By late August, with several thousand students around daily, Heil and his fellow GCU public safety officers could be busier than ever before.
“During the daytime, it’s pretty much just helping people with door openings and just being seen,” said Heil, referring to the universal public-safety maxim of increased visibility of uniformed officers being a primary deterrent to crime.
Heil, 37, served Flagstaff Police in his hometown before moving to Phoenix and joining GCU four years ago. He serves as a field-training officer and will teach new hires joining the campus force by this fall.
Heil said policing GCU is more pleasant than patrolling around Northern Arizona University in his hometown. He said students here are rarely a problem. Routine calls include the occasional vehicle burglary, alcohol in dorm rooms, fights -- similar to any college campus.
“Compared to another university this size, it’s a drop in the bucket,” he said. “Everyone here is so much easier to deal with.”
The campus public safety department moves this week to the new Camelback Hall, shifting out of its aging digs in Building 9 on the west side of campus. The new office includes a communications center that will serve as a hub for emergency dispatch and camera surveillance, marking a shift into a new era for GCU campus safety.
This fall also will bring an added emphasis on guarding entry points to campus, on training resident directors to keep students safer in residence halls, and on holding motorists accountable by enforcing parking violations on a campus where spaces are limited.
Campus safety upgrades or policy changes this fall include:
Adding more officers
GCU’s public safety department will have 27 total staff by August, which includes public safety officers assigned to the main campus. One officer is assigned to each of the Tempe and Peoria offices. Other officers are dedicated to residence halls and keeping student residents safe from 9 p.m. to 5 a.m. daily.
Public Safety Director Henry Griffin said the plan is to hire and train more officers in phases through the fall. Like existing officers, many of the new hires will have prior law enforcement, military or corrections experience, Griffin said.
Text message alert system
GCU will automatically subscribe students to a new text message system that will provide emergency texts in the event of a major disturbance on campus. Students will have the option to opt out or add news, events and sports alerts to their phones.
“Just as they opt in, they can choose to opt out,” Griffin said. “But long-term, as big as we’re getting, we’re going to have to look at a more advanced way to get notifications out rather than relying on people to volunteer to get it.”
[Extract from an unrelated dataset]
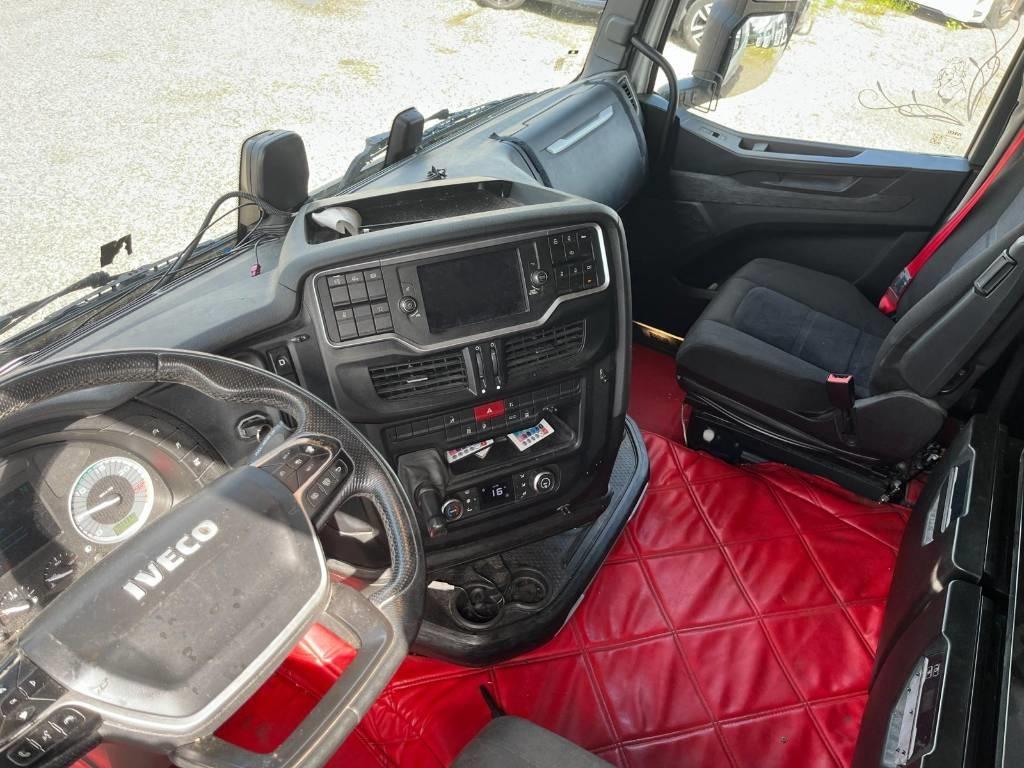 Iveco S-Way 570 Trækkere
Griffin said he and other public-safety experts are looking at other technology to ensure that emergency notifications get to staff, faculty and others on campus in the event of an emergency.
Emergency dispatch
Four or more dispatchers will be hired to handle calls from the residence halls and the blue emergency call boxes around campus. That role previously was managed by Securitas guards at the main booth at the 33rd Avenue entrance.
“It’s really become too busy with all of our guards stopping everyone and talking to everyone … we didn’t want to run the risk of missing any emergency calls,” said Rich Oesterle, assistant director of campus development, who oversees public safety.
Parking fines
A pair of parking-enforcement officers, armed with handheld devices with photo capability, will roam the campus beginning in August to issue citations to motorists who violate the campus parking agreement. Fines range from $35 for parking in the wrong zone to $200 for removing or tampering with a wheel-lock device.
Planning for cameras
GCU has cameras fixed on the Jumbotron digital message boards at 33rd Avenue and Camelback Road, at the Student Rec Center and other buildings around campus – but there are plans to add more. Before any major surveillance overhaul, though, campus staff are vetting technology vendors and planning to hire officers dedicated to monitoring digital video.